Sinceramente me jode tener que escribir ahora para alabar a Jesús Sala. Me fastidia profundamente, porque acabo siendo como ese mal público deportivo que tanto abunda en Logroño. Ése que echa pestes de lo que tiene… hasta que deja de tenerlo. Momento en el cual cambia de inmediato las pestes por nostalgia: ay, qué bueno era ése que teníamos.
Me consuela saber que, al menos en el caso del entrenador, las cosas no han sido exactamente así. Al menos, no siempre.

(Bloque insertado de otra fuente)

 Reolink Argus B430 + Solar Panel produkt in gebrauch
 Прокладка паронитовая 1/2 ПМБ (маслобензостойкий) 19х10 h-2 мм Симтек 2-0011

Sí al principio, cuando era un recién llegado sin pedigrí a los mandos de un Clavijo a la deriva. Eran años duros. El club no tenía un tarín. Más aún: arrastraba una deuda que hubiera descompuesto a casi cualquier entrenador. Temporadas de cinturón apretado y delirios de grandeza, en las que parte de la grada recordaba copas imposibles y maldecía a gritos a ese entrenador bajito.
Pocos reconocían la verdad. Que año tras año, sin levantar la voz, Sala hacía un equipo con dos pesetas, mientras aguantaba no sólo a la grada, sino a otros especímenes del sótano del baloncesto: americanos puteros, jugadores que no eran nadie y se creían Jordan, pandilleros del baloncesto con menos cabeza que talento.
Y con todo eso, Jesús Sala dio una lección de lo que significa ser «un entrenador de club». O sea, un tipo que ponía los intereses de la entidad y de su continuidad siempre por encima de todo, mientras sacaba petróleo del erial y ascendía peldaño a peldaño.
Con él, el baloncesto de La Rioja llegó donde nunca había osado: a meterse, aun sin esperanzas, en la pelea por ascender a la ACB. Ahora Jesús Sala se va, esperemos que a mejor vida. Y sí, me jode tener que escribir para agradecérselo ahora. Pero peor sería no hacerlo. Así que gracias, “coach”. Hasta siempre.